Shipping always seems high to me.  What about the new Priority Flat rate commercial A & B boxes.  They have bigger boxes and the prices are alot more reasonable.  You have to order the boxes through the Postal service and print out you label, you can request pick up from your house, I have a huge rural mailbox and most boxes fit in there.

Here's the webpage.

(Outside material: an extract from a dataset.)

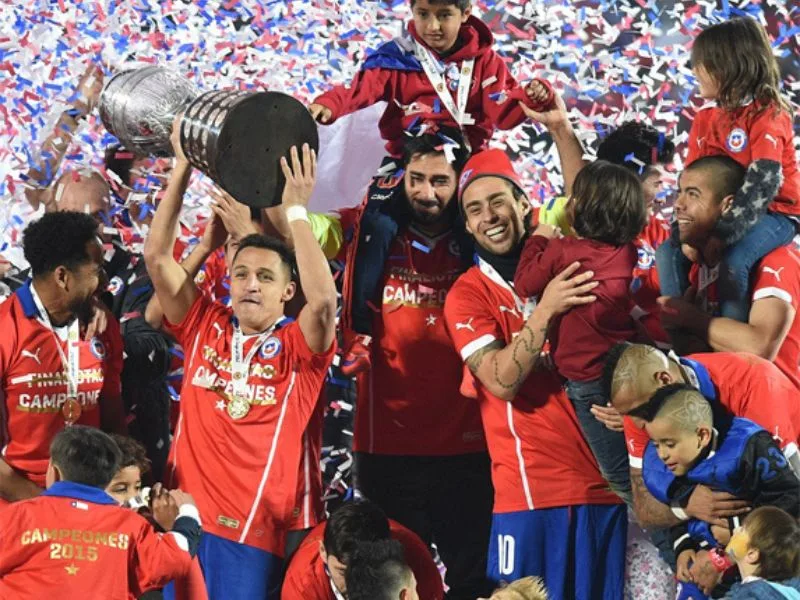 giai copa america may nam to chuc 1 lan vi sao co ky cach nhau chi 2 nam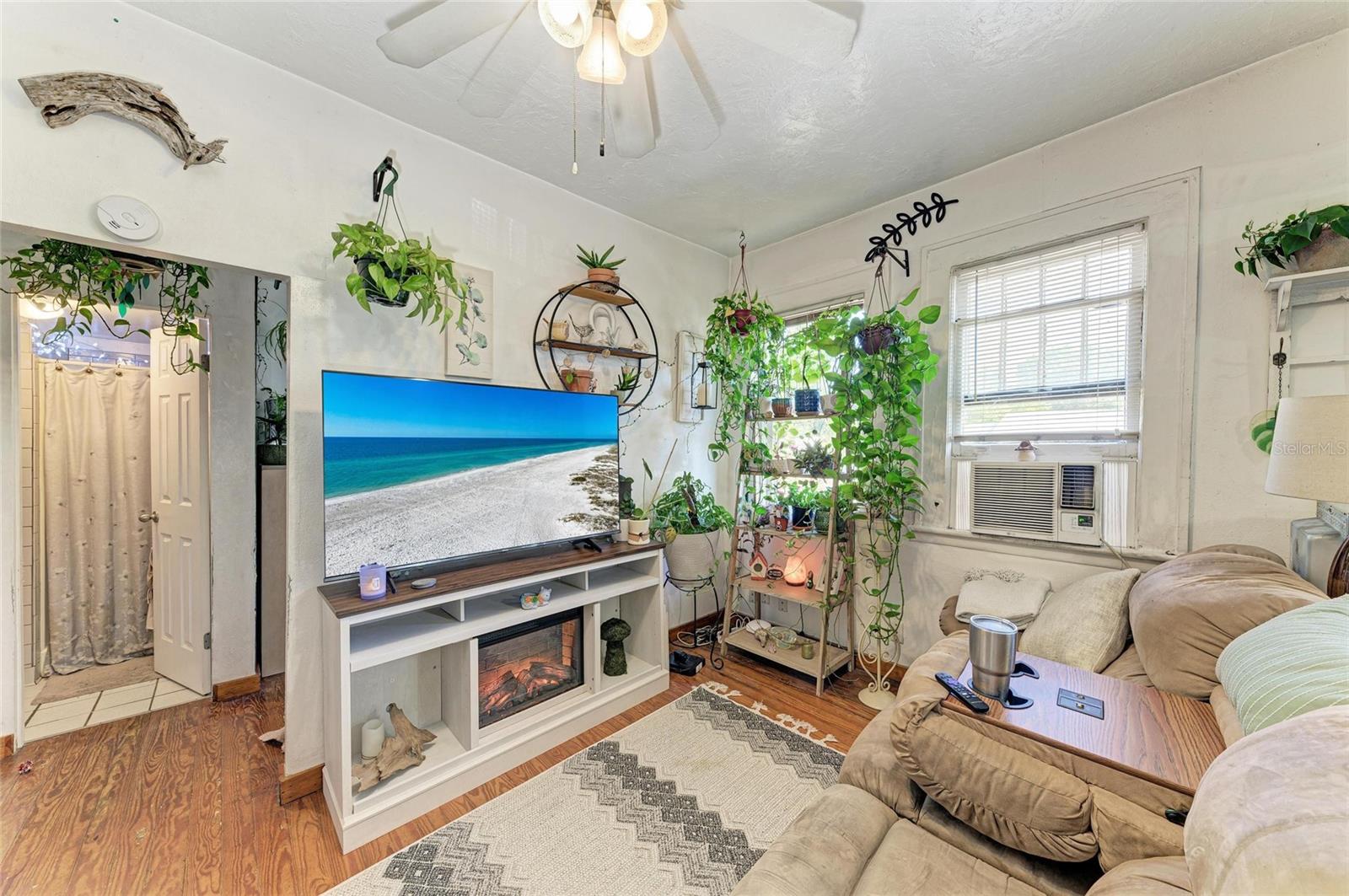 Image 30 of 50 For 432 Adelia Avenue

Would they fit in the A-1 or B-1 boxes?
https://shop.usps.com/webapp/wcs/st...10000002&top_category=10000002&WT.ac=10000114

It's worth checking out, it doesn't cost you anything to order the boxes.

BTW, I really like the displays, I would buy one.


----------



## Hazel (Oct 26, 2011)

Shipping can be expensive but I don't think $20 is unreasonable for something the size and weight of this display. You also have to buy a box and packaging supplies plus burn gas taking it to be shipped. It would be great if you found a cheaper way to ship but you also don't want to take a loss on it.

I'd buy one or two if I had a need for displays. Maybe I'll be ready to do craft shows for the 2012 holiday season and will need them.   I did add your shop and the display to my favorites list.


----------



## llineb (Nov 19, 2011)

Forget selling soap...sell these!  It looks great and so do your soaps!


----------



## dcornett (Nov 20, 2011)

Really looks great with your soaps in it...VERY nice!


----------



## Jezzy (Nov 23, 2011)

Oooooooohhhhh! I love it


----------



## kbuska (Nov 25, 2011)

I sold one on Etsy. Yay!!! Bad news it cost me almost double what I charged for shipping after the box and packing materials. . I need to work on a way to ship them disassembled a bit.


----------



## Relle (Nov 25, 2011)

Love your display, but way too expensive to send to Australia.


----------



## Hazel (Nov 25, 2011)

Congratulations!   

I'm sorry to hear it cost more than you thought it would to ship. Shipping is a killer. Are you using UPS to ship? 

I wish I had a solution for you.


----------



## nurse_75 (Nov 26, 2011)

On an aside...

What award did you win for your Lemon Verbena soap? I saw that on your Etsy shop.

Soap display is really beautiful.

Sharna


----------



## kbuska (Nov 26, 2011)

Thanks for your post. The soap took first place in the state fair for cold process.


----------



## NurturedBellyDoula (Nov 28, 2011)

do not ship through ups, i use the regular us mail when I ship out through my other business. UPS is ridiculous..

I would like one of these two btw.. hopefully after I make my first batch. I'm still studying lol..


----------